Britons will for the first time this year spend more on video streaming subscriptions and film/TV downloads than on buying and renting DVDs.
According to Strategy Analytics, consumer spend on streaming and downloading in 2016 will amount to £1.31 billion (€1.66 billion), or 23.7% more than last year, while the figure for DVDs, including Blu-ray, will fall by 16.3% to £956 million. Significantly, the latter will be below the £1 billion mark for the first time since 1994.
As a result, online formats will account for 58% of home video spend ad DVDs 42%, compared to 52% last year.
Splitting out online and DVDs into the five main methods of accessing home video, most spend in 2016 will still go on buying DVDs/Blu-ray, but that will drop 16% to £905 million.

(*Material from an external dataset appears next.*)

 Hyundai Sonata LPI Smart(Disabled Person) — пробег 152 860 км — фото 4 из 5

Streaming subscription services, such as Netflix and Amazon Prime Video, follow next and are the fastest-growing format, rising 36% to £742 million – or £1 in every £3 spent on home video. There are around 4.6 million Netflix households in Britain and 2.5 million with Amazon Prime. Around 20% of households who subscribe to a video streaming service, subscribe to at least two.
Video streaming subscriptions will be the dominant format from 2017 onwards and account for over half of consumer home video spend by the end of 2021.

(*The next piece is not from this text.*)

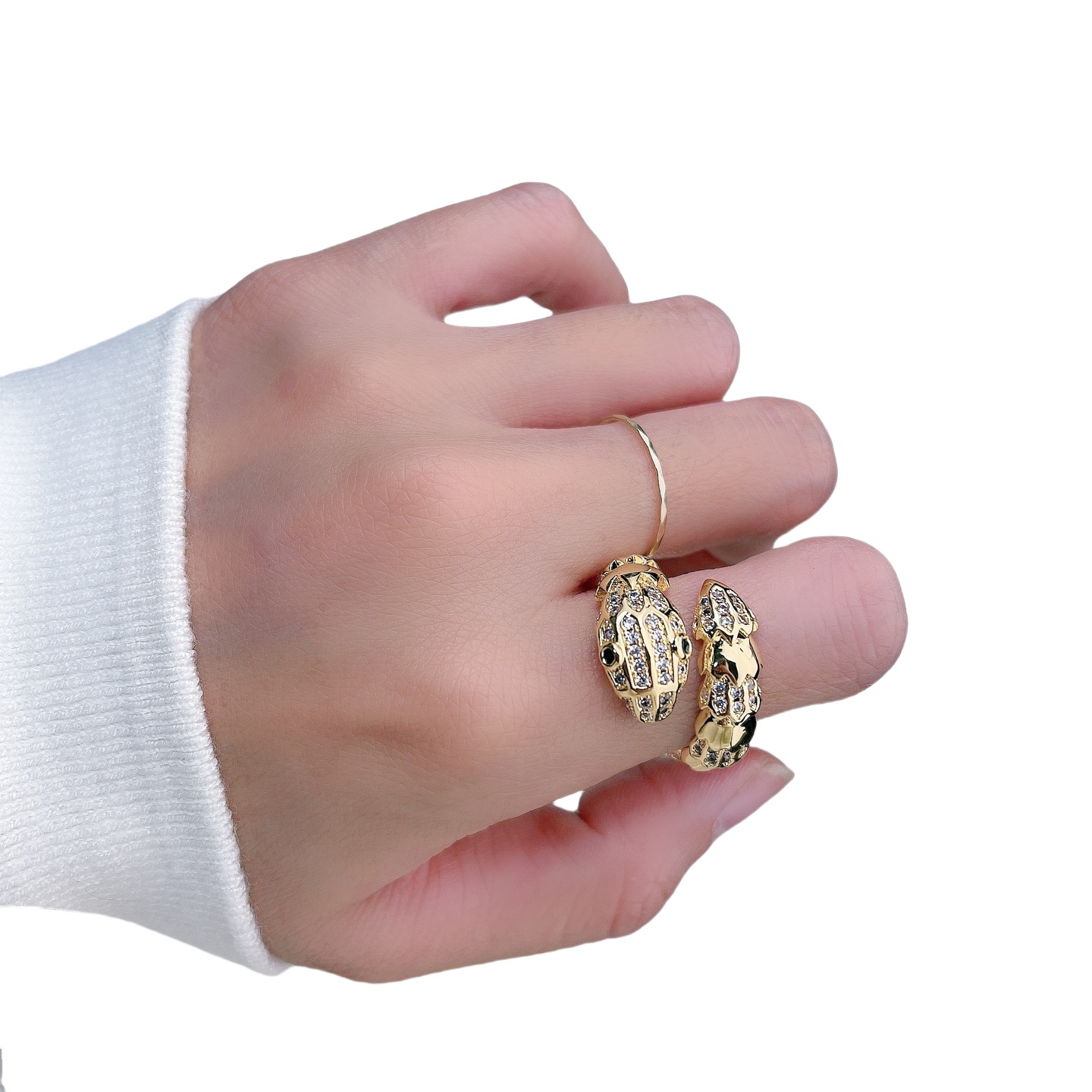 BGR001 Serpenti ring - ccjewelryacc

Downloading to rent will rise 8% to £338 million in 2016, downloading to buy will rise 16% to £234 million. Spend on renting DVDs will fall 24% to £51 million, or just 2% of the market.
Commenting on the study’s findings, Michael Goodman, Strategy Analytics’ digital media director, said: “Five years ago, DVDs represented 86% of consumer spend on home video, in five years it will be less than 14%, with DVD/Blu-ray rental virtually extinct.
“As online provides increasing ways to access films and box-sets, physical simply can’t compete. Although many people will always prefer a physical disc, retailers will have to decide whether it’s even viable to offer that format in five years’ time. Many won’t and with less high street players around, it will be online, ironically, that keeps DVDs on life support via e-commerce.”
Overall, the £2.27 billion Britons will spend on home video this year will be 3% more than in 2015 and the equivalent of £6.63 per household a month. However, video advertising around streamed and downloaded content will rise 23% to £593 million. Thus, overall revenues for the home video market will grow 6.6% to £2.86 billion.